Je me retournais une énième fois dans mon lit, essayant de trouver une position qui n'allait pas appuyer sur mes multiples blessures.

Trois semaines. Trois semaines interminables depuis ma rupture avec Hector. Et trois semaines que je n'étais plus que l'ombre de moi-même.  Mon cœur battait encore douloureusement rien qu'en pensant à lui, mais une douleur différente me tiraillait chaque fois que je bougeais : celle de mes côtes, celles que mon père avait probablement cassées.


La violence de mes parents n'avaient cessé de croître. Je crois même que j'avais quelques unes de mes côtes cassées, vu la douleur qui me lançait à chaque fois que je faisais un mouvement. Mon corps était devenu une carte des violences qu'il me faisait subir. Chaque bleu, chaque marque me rappelait que je n'étais qu'une prisonnière dans cette maison. Une prisonnière dans ma propre vie. Je ne mangeais plus. Je ne dormais plus. Et chaque journée ressemblait à la précédente : un vide oppressant.

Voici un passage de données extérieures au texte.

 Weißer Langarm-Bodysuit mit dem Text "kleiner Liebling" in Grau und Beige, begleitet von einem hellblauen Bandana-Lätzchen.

Je n'avais aucune nouvelle d'Hector. Il avait dû m'oublier et c'était sûrement mieux ainsi, je n'étais qu'un poids en plus pour lui qui allait sûrement lui compliquer sa carrière de footballeur. Je continuais à suivre ses matchs avec nostalgie. Me souvenant de quand j'étais au bord du terrain avec mon appareil photo. Je n'avais jamais été aussi heureuse qu'à cette période.

Mais tout est fini.




Je me retournai une fois de plus, cherchant désespérément le sommeil. Mais il ne venait jamais. Et pourquoi viendrait-il ? Même mes rêves s'étaient transformés en cauchemars. Je soupirai en me levant doucement, veillant à ne pas réveiller mon père, dont la chambre était juste à côté.

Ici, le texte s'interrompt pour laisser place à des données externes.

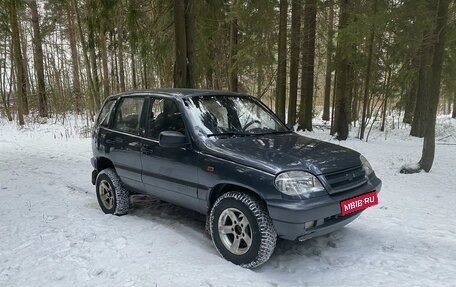 Chevrolet Niva I рестайлинг, 2004 год, 320 000 рублей, 1 фотография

Je traversai ma chambre sur la pointe des pieds et attrapai mon ordinateur sur mon bureau. Peut-être qu'écrire ou simplement lire quelque chose m'aiderait à m'évader un peu. Alors que je me retournais pour rejoindre mon lit, un bruit sec retentit, m'immobilisant sur place.

Un bruit. Sur ma fenêtre.

Mon cœur battit plus fort. Était-ce le vent ? Ou pire, mon père qui vérifiait que je n'étais pas endormie ?

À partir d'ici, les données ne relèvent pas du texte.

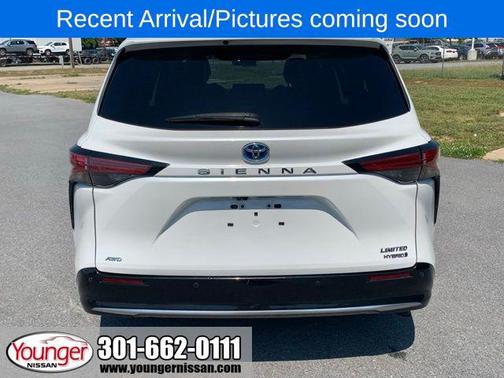 White 2022 Toyota Sienna Limited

Mais le bruit recommença, plus net cette fois. Intriguée, je posai l'ordinateur sur mon lit et m'approchai doucement de la fenêtre, écartant légèrement les rideaux pour voir ce qui se passait.

Et là, je le vis.

Mon souffle se bloqua, mon cœur rata un battement.

Hector.

Il était là, debout dans mon jardin, les mains dans les poches, le visage levé vers ma fenêtre. Mon Hector. Même dans l'obscurité, je pouvais voir l'intensité dans ses yeux, la manière dont ses cheveux étaient en désordre comme s'il avait couru jusqu'ici.